While I imagine the reviews for the re-release will be mostly positive, the book had a hard time holding my attention. For as much as I can see people trumpeting its grim vision of human nature as a sort of left-turn from a heroic version of the same story, I find what was executed on the page to be cliches of a slightly more serious-faced type. Every time a character introduced themselves -- surviving man from the back of the train eager to see to his own interests, idealistic woman that wants to help him, pompous bureaucrat, weathered soldier, acerbic doctor -- it was hard not to respond, "Well, of course you are." That this was the kind of book where a string of characters introduce themselves was another sign I wasn't going to find a whole lot here that interested me except maybe the broadest, allusive strokes. Nothing any of those characters did after those introductions surprised, except in perhaps the central metaphor being so sturdy and obvious that I thought they would do more with those in the train just generally in terms of providing a variety of reactions to the basic situations that presented themselves. "Fascinatingly dull" comes close to what we got instead. The most interesting element of the setting was by far the way limited information was employed up and down the train cars. In strong contrast to the life we have now where a constant barrage of information must be sorted, and also in contrast to one moment in the narrative where a radio is employed to bring a moment of truth directly from one set of charcters to another, those on-hand cling onto such limited scraps of intelligence and such rudimentary narratives that they could manipulated in ways that were almost heartbreakingly child-like. The visual approach of varying three-tier pages in a way that suggests the emergence/push-through of walking through train cars I also thought cleverly employed.

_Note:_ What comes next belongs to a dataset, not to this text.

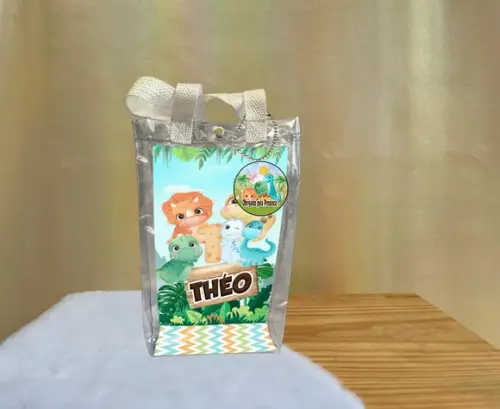 Sacola Transparente Dino Baby Personalizado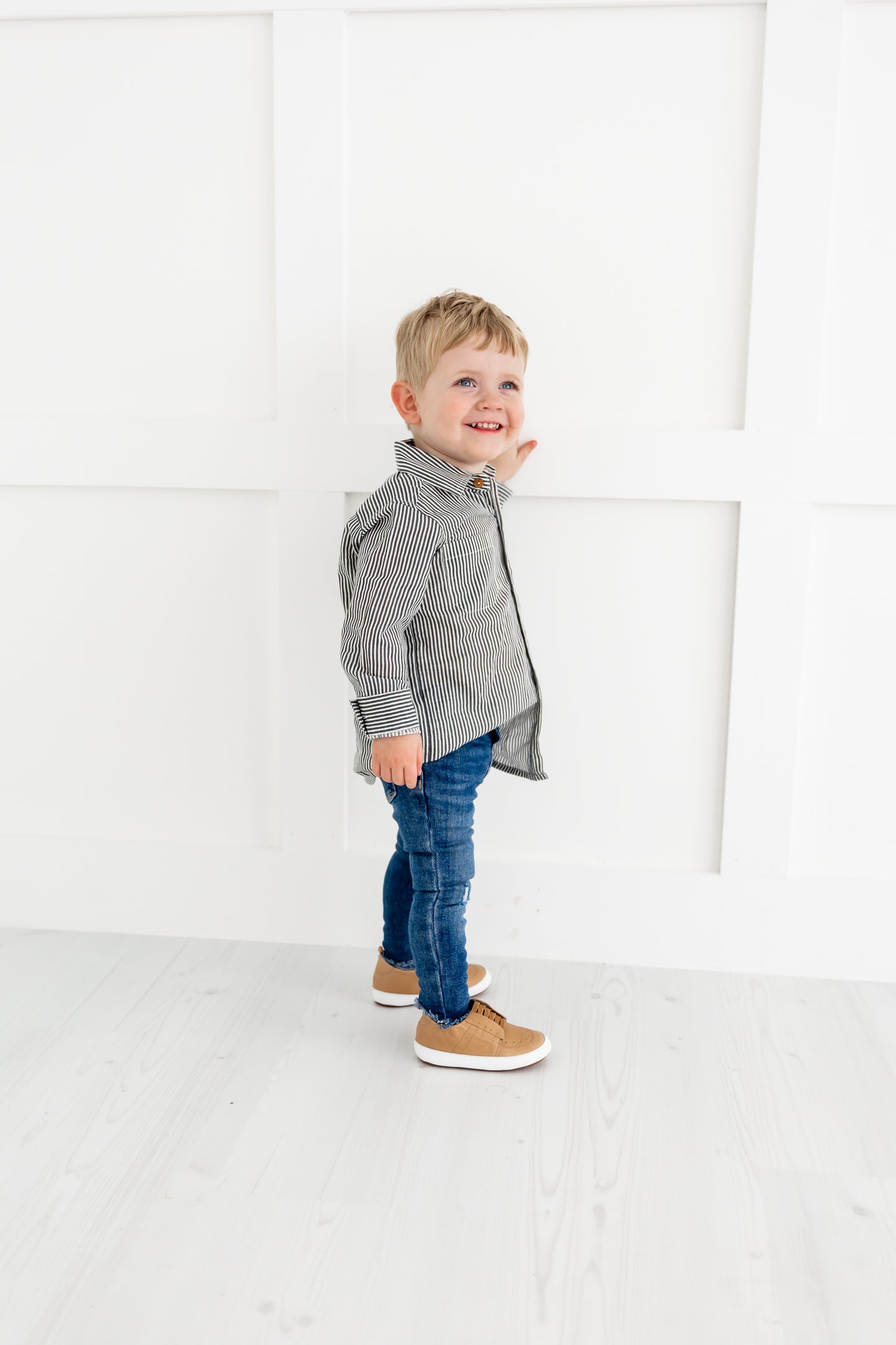 Grey Stripes Printed Boys Shirts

The original work's ending reveals our hero's importance less for the the specific experiences he had than for its broader meanings, and then quickly suggests that even that's not crucial, that his primary function was to carry some sort of flu bug through the train, and then one more time suggests that he himself is some sort of virus whose basic presence on the train is enough, even as we wonder after its eventual end. It nearly makes the stock situations and central casting feel of the early chapters work, that this final rug can be pulled out from underneath the whole idea that any character has agency that means much of anything in the wider scheme of things. When your metaphorical construct is a stand-in for humanity, that's a depressing place to go, and it is underlined by some work the authors did throughout in making a value out of being alone on the train when the pressing horror of the human condition and the danger in the milieu presented stems from isolation. This also made the sequels very hard to read, as they seemed like sideways riffing on an original idea whose first outcome holding sway over possible others was the point, and that a second take on the same basic situation couldn't help but diminish the first. I did like the more tightly cramped pages, particularly on the interiors, and some of the individual ideas floated intrigued me, but the second, equally handsome book felt to me like planting mushrooms in a corpse.